Pictures in the entries below are excluded; copy only the lines from the one containing "VIOTTI PIEMONTE AUTIGNAN - 75cl." to the one containing "Chrysalis Caterpillar Fungus", both included.
___ Data supplied
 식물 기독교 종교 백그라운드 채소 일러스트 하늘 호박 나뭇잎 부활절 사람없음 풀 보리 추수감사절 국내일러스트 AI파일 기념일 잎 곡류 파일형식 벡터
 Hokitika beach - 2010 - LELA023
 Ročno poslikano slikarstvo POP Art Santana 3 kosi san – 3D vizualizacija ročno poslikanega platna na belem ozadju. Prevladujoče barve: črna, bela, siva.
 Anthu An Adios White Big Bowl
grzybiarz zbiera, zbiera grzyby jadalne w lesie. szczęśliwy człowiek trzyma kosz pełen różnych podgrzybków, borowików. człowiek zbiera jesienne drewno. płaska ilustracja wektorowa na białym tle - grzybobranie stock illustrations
______
___ Data supplied
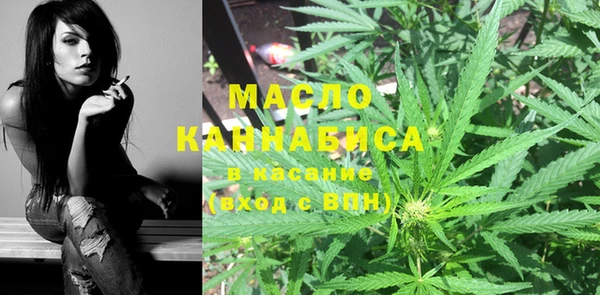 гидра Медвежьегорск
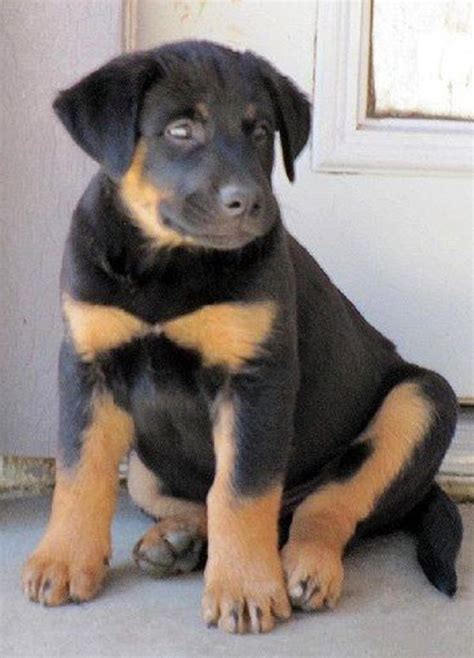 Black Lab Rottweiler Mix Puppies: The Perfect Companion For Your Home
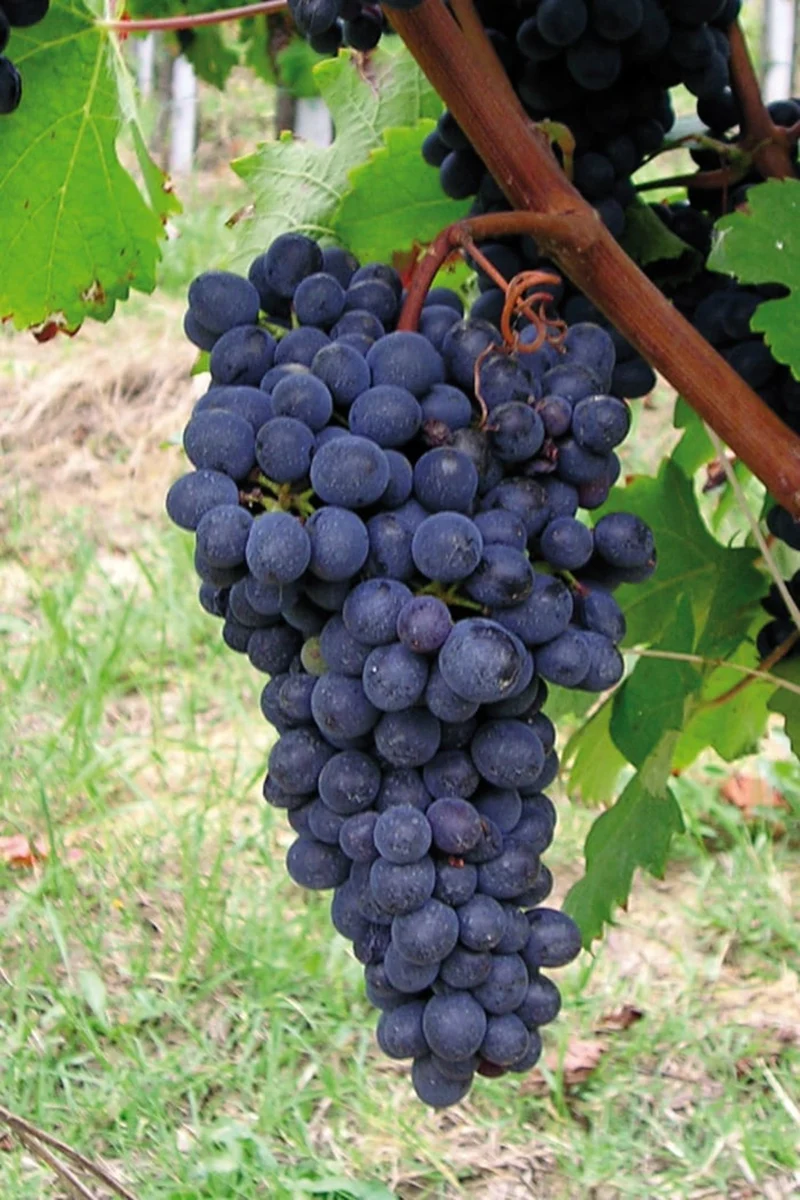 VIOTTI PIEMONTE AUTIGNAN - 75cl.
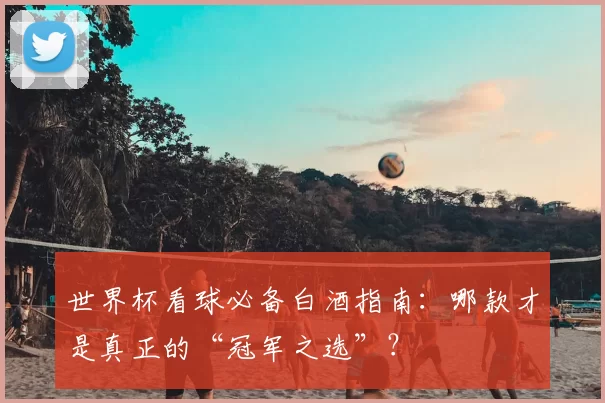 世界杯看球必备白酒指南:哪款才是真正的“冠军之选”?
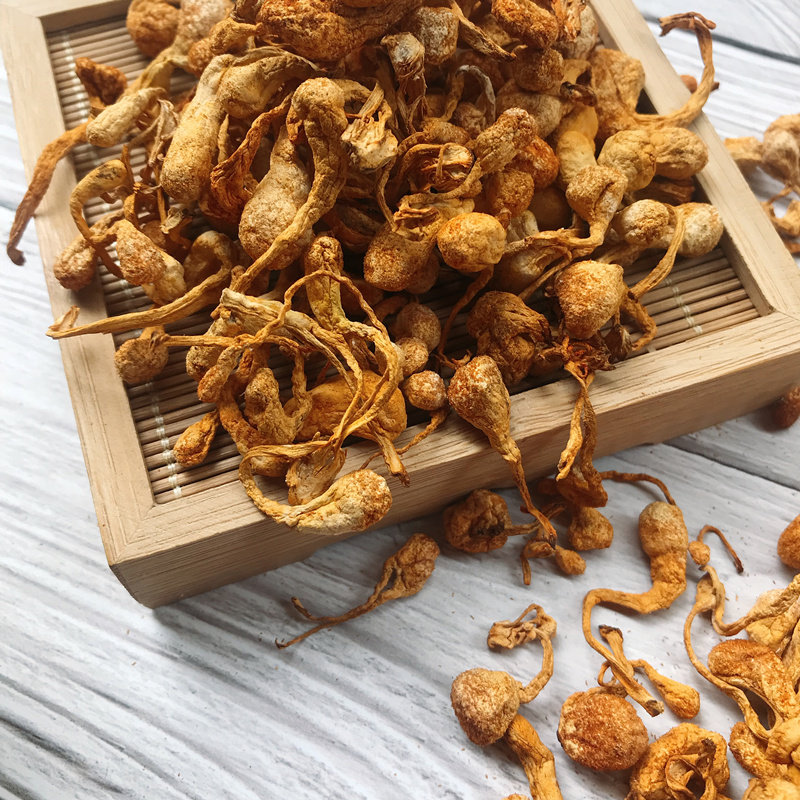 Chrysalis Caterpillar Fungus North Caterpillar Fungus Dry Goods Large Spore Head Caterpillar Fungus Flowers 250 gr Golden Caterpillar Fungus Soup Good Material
______
» Your response:
 VIOTTI PIEMONTE AUTIGNAN - 75cl.
 世界杯看球必备白酒指南:哪款才是真正的“冠军之选”?
 Chrysalis Caterpillar Fungus North Caterpillar Fungus Dry Goods Large Spore Head Caterpillar Fungus Flowers 250 gr Golden Caterpillar Fungus Soup Good Material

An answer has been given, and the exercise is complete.